Recorded information:
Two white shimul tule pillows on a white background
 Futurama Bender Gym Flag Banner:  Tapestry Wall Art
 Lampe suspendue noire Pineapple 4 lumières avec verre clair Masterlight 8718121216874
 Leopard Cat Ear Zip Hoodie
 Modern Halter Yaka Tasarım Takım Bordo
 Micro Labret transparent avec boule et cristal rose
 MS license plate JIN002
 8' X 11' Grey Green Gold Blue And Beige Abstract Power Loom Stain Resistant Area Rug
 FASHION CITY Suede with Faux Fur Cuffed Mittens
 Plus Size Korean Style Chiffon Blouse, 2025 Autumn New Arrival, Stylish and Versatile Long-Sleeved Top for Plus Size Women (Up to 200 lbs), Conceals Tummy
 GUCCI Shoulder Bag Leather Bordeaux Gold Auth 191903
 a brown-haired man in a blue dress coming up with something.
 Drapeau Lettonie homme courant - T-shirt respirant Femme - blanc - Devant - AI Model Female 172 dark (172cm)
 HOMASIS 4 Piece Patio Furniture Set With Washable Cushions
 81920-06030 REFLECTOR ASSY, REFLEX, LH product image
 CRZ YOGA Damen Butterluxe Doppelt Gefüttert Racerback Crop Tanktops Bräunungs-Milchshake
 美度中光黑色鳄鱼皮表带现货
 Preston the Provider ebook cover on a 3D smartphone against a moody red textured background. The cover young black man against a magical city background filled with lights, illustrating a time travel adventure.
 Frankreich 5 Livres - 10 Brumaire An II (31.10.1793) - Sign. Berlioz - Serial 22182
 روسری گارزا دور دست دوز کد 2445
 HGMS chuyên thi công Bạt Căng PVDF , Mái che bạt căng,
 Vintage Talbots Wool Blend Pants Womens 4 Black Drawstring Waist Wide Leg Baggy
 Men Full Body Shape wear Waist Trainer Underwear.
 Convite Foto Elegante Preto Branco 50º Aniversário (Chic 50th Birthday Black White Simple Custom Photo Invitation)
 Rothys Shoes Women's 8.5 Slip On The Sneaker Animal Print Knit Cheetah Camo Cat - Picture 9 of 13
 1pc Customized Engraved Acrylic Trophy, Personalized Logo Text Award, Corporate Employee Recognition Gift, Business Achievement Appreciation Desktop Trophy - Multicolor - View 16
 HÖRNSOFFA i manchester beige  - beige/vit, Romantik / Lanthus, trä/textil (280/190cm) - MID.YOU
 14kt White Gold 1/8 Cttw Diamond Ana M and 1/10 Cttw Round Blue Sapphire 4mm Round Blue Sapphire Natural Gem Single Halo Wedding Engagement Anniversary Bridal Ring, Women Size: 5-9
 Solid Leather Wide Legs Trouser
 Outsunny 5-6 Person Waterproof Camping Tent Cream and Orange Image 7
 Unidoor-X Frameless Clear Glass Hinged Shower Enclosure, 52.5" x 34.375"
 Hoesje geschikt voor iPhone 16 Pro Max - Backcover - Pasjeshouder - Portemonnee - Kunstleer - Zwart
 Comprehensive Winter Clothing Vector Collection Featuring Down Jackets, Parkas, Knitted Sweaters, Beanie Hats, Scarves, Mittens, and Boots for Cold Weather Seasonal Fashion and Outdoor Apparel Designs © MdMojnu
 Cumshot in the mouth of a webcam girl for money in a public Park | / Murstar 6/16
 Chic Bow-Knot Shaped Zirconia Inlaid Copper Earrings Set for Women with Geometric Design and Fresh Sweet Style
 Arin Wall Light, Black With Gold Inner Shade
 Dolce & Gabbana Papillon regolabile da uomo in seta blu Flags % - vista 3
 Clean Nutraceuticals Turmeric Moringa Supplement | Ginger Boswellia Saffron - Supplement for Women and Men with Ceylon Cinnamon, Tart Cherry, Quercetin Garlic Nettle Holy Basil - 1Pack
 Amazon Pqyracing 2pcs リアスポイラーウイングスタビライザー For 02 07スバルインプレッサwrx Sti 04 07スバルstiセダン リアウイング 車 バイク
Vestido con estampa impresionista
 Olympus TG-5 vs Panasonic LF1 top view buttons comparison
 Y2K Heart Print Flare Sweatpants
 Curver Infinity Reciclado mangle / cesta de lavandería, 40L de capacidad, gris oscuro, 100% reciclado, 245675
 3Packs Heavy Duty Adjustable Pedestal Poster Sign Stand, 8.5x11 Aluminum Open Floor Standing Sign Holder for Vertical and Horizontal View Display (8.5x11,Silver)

Exercise:
What is needed is an exact repetition of the lines from the first line of the records through the line containing "Plus Size Korean", both ends included, and nothing more.

The answer:
Two white shimul tule pillows on a white background
 Futurama Bender Gym Flag Banner:  Tapestry Wall Art
 Lampe suspendue noire Pineapple 4 lumières avec verre clair Masterlight 8718121216874
 Leopard Cat Ear Zip Hoodie
 Modern Halter Yaka Tasarım Takım Bordo
 Micro Labret transparent avec boule et cristal rose
 MS license plate JIN002
 8' X 11' Grey Green Gold Blue And Beige Abstract Power Loom Stain Resistant Area Rug
 FASHION CITY Suede with Faux Fur Cuffed Mittens
 Plus Size Korean Style Chiffon Blouse, 2025 Autumn New Arrival, Stylish and Versatile Long-Sleeved Top for Plus Size Women (Up to 200 lbs), Conceals Tummy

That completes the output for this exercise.